*** Opening ENTRIES SUPPLIED ***

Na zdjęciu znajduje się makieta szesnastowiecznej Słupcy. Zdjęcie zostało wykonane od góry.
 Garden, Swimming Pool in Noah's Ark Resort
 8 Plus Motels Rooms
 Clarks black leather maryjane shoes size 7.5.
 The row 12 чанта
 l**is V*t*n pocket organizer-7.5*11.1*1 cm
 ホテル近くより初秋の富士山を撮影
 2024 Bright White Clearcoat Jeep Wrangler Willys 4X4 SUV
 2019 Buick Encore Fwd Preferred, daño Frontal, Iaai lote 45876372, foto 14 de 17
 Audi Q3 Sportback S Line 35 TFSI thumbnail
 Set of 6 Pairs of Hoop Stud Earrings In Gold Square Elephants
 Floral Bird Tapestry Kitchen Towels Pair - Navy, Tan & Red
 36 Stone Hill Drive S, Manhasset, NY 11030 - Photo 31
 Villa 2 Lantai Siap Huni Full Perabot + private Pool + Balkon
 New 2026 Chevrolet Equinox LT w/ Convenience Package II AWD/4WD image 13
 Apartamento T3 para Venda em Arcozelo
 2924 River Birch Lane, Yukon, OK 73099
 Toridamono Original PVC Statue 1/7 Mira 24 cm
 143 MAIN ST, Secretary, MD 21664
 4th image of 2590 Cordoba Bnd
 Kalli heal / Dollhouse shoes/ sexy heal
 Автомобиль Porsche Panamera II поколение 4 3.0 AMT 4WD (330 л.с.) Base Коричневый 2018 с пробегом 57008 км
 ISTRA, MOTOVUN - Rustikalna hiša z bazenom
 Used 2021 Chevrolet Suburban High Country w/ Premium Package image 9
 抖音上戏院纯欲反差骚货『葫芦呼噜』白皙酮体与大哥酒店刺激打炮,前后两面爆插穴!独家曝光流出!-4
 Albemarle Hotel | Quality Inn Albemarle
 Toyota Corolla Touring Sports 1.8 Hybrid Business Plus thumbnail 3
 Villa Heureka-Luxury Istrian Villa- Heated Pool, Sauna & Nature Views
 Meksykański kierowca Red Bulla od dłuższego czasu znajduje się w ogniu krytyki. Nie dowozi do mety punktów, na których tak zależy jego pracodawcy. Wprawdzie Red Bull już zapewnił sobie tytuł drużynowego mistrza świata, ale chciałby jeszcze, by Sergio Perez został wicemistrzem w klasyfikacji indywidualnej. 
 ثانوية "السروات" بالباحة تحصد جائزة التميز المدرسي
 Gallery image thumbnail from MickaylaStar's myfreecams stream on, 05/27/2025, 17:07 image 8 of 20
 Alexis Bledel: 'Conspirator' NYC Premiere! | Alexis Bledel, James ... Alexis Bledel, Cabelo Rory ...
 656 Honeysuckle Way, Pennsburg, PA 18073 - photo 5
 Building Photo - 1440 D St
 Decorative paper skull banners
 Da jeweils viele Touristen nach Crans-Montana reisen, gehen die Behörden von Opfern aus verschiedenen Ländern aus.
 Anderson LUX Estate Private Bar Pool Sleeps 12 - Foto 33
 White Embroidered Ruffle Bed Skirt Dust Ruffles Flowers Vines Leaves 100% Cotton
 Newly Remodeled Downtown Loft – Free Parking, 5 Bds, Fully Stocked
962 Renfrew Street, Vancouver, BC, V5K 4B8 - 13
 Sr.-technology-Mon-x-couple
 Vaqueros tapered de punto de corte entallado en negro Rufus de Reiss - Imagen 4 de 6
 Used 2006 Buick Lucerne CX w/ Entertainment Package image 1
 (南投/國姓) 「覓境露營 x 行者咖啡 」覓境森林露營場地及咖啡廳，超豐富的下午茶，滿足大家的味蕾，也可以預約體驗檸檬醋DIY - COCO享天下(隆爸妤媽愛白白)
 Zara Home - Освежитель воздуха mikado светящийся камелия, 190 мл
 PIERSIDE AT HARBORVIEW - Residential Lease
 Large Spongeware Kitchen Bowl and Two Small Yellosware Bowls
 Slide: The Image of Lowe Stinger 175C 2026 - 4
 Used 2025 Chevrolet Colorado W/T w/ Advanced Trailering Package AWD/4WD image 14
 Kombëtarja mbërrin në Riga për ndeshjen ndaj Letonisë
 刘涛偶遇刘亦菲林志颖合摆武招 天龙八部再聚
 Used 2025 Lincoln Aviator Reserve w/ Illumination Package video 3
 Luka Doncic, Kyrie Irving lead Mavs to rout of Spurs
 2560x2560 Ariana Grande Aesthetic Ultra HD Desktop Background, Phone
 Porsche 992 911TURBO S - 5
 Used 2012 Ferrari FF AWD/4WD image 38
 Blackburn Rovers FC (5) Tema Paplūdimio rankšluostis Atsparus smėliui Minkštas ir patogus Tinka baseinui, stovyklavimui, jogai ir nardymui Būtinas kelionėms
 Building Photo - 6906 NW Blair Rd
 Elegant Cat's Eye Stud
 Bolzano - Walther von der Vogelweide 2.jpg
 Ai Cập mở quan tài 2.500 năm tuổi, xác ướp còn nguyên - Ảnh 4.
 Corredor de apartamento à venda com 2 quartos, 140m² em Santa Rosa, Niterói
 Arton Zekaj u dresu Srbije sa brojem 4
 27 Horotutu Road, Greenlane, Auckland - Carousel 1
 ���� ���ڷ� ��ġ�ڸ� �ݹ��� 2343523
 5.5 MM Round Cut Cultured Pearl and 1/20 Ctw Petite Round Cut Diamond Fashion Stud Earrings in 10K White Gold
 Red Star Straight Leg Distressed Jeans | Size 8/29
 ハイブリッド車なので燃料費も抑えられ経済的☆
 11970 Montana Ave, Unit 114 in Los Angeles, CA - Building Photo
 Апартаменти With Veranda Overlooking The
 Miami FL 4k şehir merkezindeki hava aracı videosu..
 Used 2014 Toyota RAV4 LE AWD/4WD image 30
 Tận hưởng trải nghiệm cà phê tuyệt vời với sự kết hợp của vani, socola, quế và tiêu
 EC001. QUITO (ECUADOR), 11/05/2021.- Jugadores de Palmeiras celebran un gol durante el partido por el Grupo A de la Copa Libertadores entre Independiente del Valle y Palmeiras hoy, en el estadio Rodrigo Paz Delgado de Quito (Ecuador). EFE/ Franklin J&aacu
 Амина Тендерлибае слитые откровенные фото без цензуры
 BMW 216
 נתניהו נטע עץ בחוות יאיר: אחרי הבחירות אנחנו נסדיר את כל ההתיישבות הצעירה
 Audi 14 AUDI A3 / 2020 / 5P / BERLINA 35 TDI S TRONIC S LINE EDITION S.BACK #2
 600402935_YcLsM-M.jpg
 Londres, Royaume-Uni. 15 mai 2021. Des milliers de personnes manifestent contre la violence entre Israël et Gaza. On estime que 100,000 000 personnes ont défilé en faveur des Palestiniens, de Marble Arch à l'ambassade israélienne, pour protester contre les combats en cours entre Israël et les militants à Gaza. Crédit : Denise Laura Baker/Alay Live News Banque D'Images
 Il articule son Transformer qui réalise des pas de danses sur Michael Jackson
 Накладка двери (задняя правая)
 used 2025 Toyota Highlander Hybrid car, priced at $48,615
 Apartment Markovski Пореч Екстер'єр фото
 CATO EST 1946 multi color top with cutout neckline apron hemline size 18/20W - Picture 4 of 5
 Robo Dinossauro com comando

*** Closing ENTRIES SUPPLIED ***

What is needed is an exact copy of every record above.

_FINISHED EXERCISE_.
Na zdjęciu znajduje się makieta szesnastowiecznej Słupcy. Zdjęcie zostało wykonane od góry.
 Garden, Swimming Pool in Noah's Ark Resort
 8 Plus Motels Rooms
 Clarks black leather maryjane shoes size 7.5.
 The row 12 чанта
 l**is V*t*n pocket organizer-7.5*11.1*1 cm
 ホテル近くより初秋の富士山を撮影
 2024 Bright White Clearcoat Jeep Wrangler Willys 4X4 SUV
 2019 Buick Encore Fwd Preferred, daño Frontal, Iaai lote 45876372, foto 14 de 17
 Audi Q3 Sportback S Line 35 TFSI thumbnail
 Set of 6 Pairs of Hoop Stud Earrings In Gold Square Elephants
 Floral Bird Tapestry Kitchen Towels Pair - Navy, Tan & Red
 36 Stone Hill Drive S, Manhasset, NY 11030 - Photo 31
 Villa 2 Lantai Siap Huni Full Perabot + private Pool + Balkon
 New 2026 Chevrolet Equinox LT w/ Convenience Package II AWD/4WD image 13
 Apartamento T3 para Venda em Arcozelo
 2924 River Birch Lane, Yukon, OK 73099
 Toridamono Original PVC Statue 1/7 Mira 24 cm
 143 MAIN ST, Secretary, MD 21664
 4th image of 2590 Cordoba Bnd
 Kalli heal / Dollhouse shoes/ sexy heal
 Автомобиль Porsche Panamera II поколение 4 3.0 AMT 4WD (330 л.с.) Base Коричневый 2018 с пробегом 57008 км
 ISTRA, MOTOVUN - Rustikalna hiša z bazenom
 Used 2021 Chevrolet Suburban High Country w/ Premium Package image 9
 抖音上戏院纯欲反差骚货『葫芦呼噜』白皙酮体与大哥酒店刺激打炮,前后两面爆插穴!独家曝光流出!-4
 Albemarle Hotel | Quality Inn Albemarle
 Toyota Corolla Touring Sports 1.8 Hybrid Business Plus thumbnail 3
 Villa Heureka-Luxury Istrian Villa- Heated Pool, Sauna & Nature Views
 Meksykański kierowca Red Bulla od dłuższego czasu znajduje się w ogniu krytyki. Nie dowozi do mety punktów, na których tak zależy jego pracodawcy. Wprawdzie Red Bull już zapewnił sobie tytuł drużynowego mistrza świata, ale chciałby jeszcze, by Sergio Perez został wicemistrzem w klasyfikacji indywidualnej. 
 ثانوية "السروات" بالباحة تحصد جائزة التميز المدرسي
 Gallery image thumbnail from MickaylaStar's myfreecams stream on, 05/27/2025, 17:07 image 8 of 20
 Alexis Bledel: 'Conspirator' NYC Premiere! | Alexis Bledel, James ... Alexis Bledel, Cabelo Rory ...
 656 Honeysuckle Way, Pennsburg, PA 18073 - photo 5
 Building Photo - 1440 D St
 Decorative paper skull banners
 Da jeweils viele Touristen nach Crans-Montana reisen, gehen die Behörden von Opfern aus verschiedenen Ländern aus.
 Anderson LUX Estate Private Bar Pool Sleeps 12 - Foto 33
 White Embroidered Ruffle Bed Skirt Dust Ruffles Flowers Vines Leaves 100% Cotton
 Newly Remodeled Downtown Loft – Free Parking, 5 Bds, Fully Stocked
962 Renfrew Street, Vancouver, BC, V5K 4B8 - 13
 Sr.-technology-Mon-x-couple
 Vaqueros tapered de punto de corte entallado en negro Rufus de Reiss - Imagen 4 de 6
 Used 2006 Buick Lucerne CX w/ Entertainment Package image 1
 (南投/國姓) 「覓境露營 x 行者咖啡 」覓境森林露營場地及咖啡廳，超豐富的下午茶，滿足大家的味蕾，也可以預約體驗檸檬醋DIY - COCO享天下(隆爸妤媽愛白白)
 Zara Home - Освежитель воздуха mikado светящийся камелия, 190 мл
 PIERSIDE AT HARBORVIEW - Residential Lease
 Large Spongeware Kitchen Bowl and Two Small Yellosware Bowls
 Slide: The Image of Lowe Stinger 175C 2026 - 4
 Used 2025 Chevrolet Colorado W/T w/ Advanced Trailering Package AWD/4WD image 14
 Kombëtarja mbërrin në Riga për ndeshjen ndaj Letonisë
 刘涛偶遇刘亦菲林志颖合摆武招 天龙八部再聚
 Used 2025 Lincoln Aviator Reserve w/ Illumination Package video 3
 Luka Doncic, Kyrie Irving lead Mavs to rout of Spurs
 2560x2560 Ariana Grande Aesthetic Ultra HD Desktop Background, Phone
 Porsche 992 911TURBO S - 5
 Used 2012 Ferrari FF AWD/4WD image 38
 Blackburn Rovers FC (5) Tema Paplūdimio rankšluostis Atsparus smėliui Minkštas ir patogus Tinka baseinui, stovyklavimui, jogai ir nardymui Būtinas kelionėms
 Building Photo - 6906 NW Blair Rd
 Elegant Cat's Eye Stud
 Bolzano - Walther von der Vogelweide 2.jpg
 Ai Cập mở quan tài 2.500 năm tuổi, xác ướp còn nguyên - Ảnh 4.
 Corredor de apartamento à venda com 2 quartos, 140m² em Santa Rosa, Niterói
 Arton Zekaj u dresu Srbije sa brojem 4
 27 Horotutu Road, Greenlane, Auckland - Carousel 1
 ���� ���ڷ� ��ġ�ڸ� �ݹ��� 2343523
 5.5 MM Round Cut Cultured Pearl and 1/20 Ctw Petite Round Cut Diamond Fashion Stud Earrings in 10K White Gold
 Red Star Straight Leg Distressed Jeans | Size 8/29
 ハイブリッド車なので燃料費も抑えられ経済的☆
 11970 Montana Ave, Unit 114 in Los Angeles, CA - Building Photo
 Апартаменти With Veranda Overlooking The
 Miami FL 4k şehir merkezindeki hava aracı videosu..
 Used 2014 Toyota RAV4 LE AWD/4WD image 30
 Tận hưởng trải nghiệm cà phê tuyệt vời với sự kết hợp của vani, socola, quế và tiêu
 EC001. QUITO (ECUADOR), 11/05/2021.- Jugadores de Palmeiras celebran un gol durante el partido por el Grupo A de la Copa Libertadores entre Independiente del Valle y Palmeiras hoy, en el estadio Rodrigo Paz Delgado de Quito (Ecuador). EFE/ Franklin J&aacu
 Амина Тендерлибае слитые откровенные фото без цензуры
 BMW 216
 נתניהו נטע עץ בחוות יאיר: אחרי הבחירות אנחנו נסדיר את כל ההתיישבות הצעירה
 Audi 14 AUDI A3 / 2020 / 5P / BERLINA 35 TDI S TRONIC S LINE EDITION S.BACK #2
 600402935_YcLsM-M.jpg
 Londres, Royaume-Uni. 15 mai 2021. Des milliers de personnes manifestent contre la violence entre Israël et Gaza. On estime que 100,000 000 personnes ont défilé en faveur des Palestiniens, de Marble Arch à l'ambassade israélienne, pour protester contre les combats en cours entre Israël et les militants à Gaza. Crédit : Denise Laura Baker/Alay Live News Banque D'Images
 Il articule son Transformer qui réalise des pas de danses sur Michael Jackson
 Накладка двери (задняя правая)
 used 2025 Toyota Highlander Hybrid car, priced at $48,615
 Apartment Markovski Пореч Екстер'єр фото
 CATO EST 1946 multi color top with cutout neckline apron hemline size 18/20W - Picture 4 of 5
 Robo Dinossauro com comando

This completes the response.